Indeed the play started with a character ranting about the boredom. Not a flying start.
But don't let this put you off. Someone Who'll Watch Over Me is a powerful and beautifully crafted piece of theatre.
It is packed with vivid emotion and several in the audience were openly crying at various moments during the play.
But it is not mawkish or sentimental and is spiked with wry humour.
Kevin Watt plays Edward, a cynical, hard-drinking-and-gambling Irish journalist.
Mark Curtis is the earnest, devout American doctor Adam.
The pair are imprisoned in the Lebanon. They don't know by whom, why, for how long or whereabouts they are. The list of unknowns is terrifying. They don't even know if they'll live to see another day.
Not that days mean anything in their windowless underground cell.
Adam has been incarcerated the longest, and balances on a psychological high wire between strict moral and physical discipline, and cracking up.
The pair's monotony is disrupted one day by a new arrival. Robert Maskell plays a scholarly, donnish professor, who wakes, bewildered and terrified, to find himself in hell.
The unlikely trio have a constantly shifting, intense relationship - varying from deep love and care to irritation, derision and disgust.
They escape their shackles through imagination, journeying through football matches, horse races and raucous cocktail bars.
They bare their lives and souls to each other. Always in the menacing, lethal shadow of their unseen Arab captors, listening outside the door.
The cast make a compellingly watchable team. Watt and Curtis are Broadway studio veterans, giving excellent performances in One Flew Over The Cuckoo's Nest earlier this year.
The play is by Frank McGuinness, who was inspired by conversations with Brian Keenan, held prisoner for four and a half years by Islamic Jihad.

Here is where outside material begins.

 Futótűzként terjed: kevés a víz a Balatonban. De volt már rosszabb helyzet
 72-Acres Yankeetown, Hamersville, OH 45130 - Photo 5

While Keenan's ordeal took place in the 80s, the current events across the globe make the play feel disturbingly topical.
The set - designed by Georgia Lowe, with lighting by Kath O'Sullivan -vividly evokes the heat and grime of the miserable cell.
The audience line the sides of the acting space so that uncomfortable proximity to the actors heightens the sense of claustrophobia.
An indiscernible, foreboding soundtrack helps to transport you far away from the bustle of a Catford evening to a pit of fear, somewhere in the Middle East's heart of darkness.
If I've made this sound unremittingly grim, it's not. At two and a quarter hours including interval it's no easy ride, but it is packed with human drama, tenderness and wit. Those in the audience who were crying often found themselves laughing through their tears.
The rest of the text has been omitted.